[[ RECORDS SHOWN open ]]
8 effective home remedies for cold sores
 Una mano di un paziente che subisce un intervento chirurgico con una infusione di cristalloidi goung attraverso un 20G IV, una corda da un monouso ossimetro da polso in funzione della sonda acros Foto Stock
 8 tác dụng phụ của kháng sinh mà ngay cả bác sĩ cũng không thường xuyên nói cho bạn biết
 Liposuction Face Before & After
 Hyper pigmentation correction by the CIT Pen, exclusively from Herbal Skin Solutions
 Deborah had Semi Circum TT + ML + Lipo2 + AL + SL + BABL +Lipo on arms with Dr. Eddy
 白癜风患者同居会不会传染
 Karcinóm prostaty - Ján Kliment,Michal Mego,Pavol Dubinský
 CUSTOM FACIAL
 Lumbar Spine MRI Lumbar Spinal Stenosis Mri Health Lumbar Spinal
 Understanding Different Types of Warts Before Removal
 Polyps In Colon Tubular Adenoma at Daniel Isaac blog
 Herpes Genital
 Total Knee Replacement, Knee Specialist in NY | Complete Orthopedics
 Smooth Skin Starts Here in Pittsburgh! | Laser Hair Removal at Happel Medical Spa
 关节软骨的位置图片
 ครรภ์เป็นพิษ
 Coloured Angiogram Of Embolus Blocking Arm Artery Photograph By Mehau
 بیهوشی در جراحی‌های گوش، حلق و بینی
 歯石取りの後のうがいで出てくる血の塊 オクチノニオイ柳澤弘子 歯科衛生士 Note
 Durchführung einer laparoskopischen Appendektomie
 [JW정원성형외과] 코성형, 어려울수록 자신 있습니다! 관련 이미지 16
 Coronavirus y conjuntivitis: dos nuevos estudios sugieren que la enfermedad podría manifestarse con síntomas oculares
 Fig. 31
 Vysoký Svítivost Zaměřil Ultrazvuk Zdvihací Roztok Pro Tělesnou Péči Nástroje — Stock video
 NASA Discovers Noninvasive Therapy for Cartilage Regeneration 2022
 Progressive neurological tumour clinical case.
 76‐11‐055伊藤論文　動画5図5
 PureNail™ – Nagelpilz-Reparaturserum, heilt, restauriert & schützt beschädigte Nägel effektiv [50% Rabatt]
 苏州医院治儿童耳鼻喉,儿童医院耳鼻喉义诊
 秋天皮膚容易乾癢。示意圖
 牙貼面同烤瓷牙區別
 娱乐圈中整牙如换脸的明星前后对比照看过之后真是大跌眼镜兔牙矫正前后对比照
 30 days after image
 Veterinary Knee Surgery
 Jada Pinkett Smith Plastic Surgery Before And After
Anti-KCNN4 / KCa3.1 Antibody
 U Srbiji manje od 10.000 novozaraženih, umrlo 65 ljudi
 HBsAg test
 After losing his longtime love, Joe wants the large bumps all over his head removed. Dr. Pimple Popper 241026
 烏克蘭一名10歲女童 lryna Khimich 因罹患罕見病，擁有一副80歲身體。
[[ RECORDS SHOWN closed ]]
• _WHAT THIS TASK INVOLVES_:
The required reply is the count of lines in the entries above where the string "Skin" appears, and nothing more.

• _RESPONSE_:
2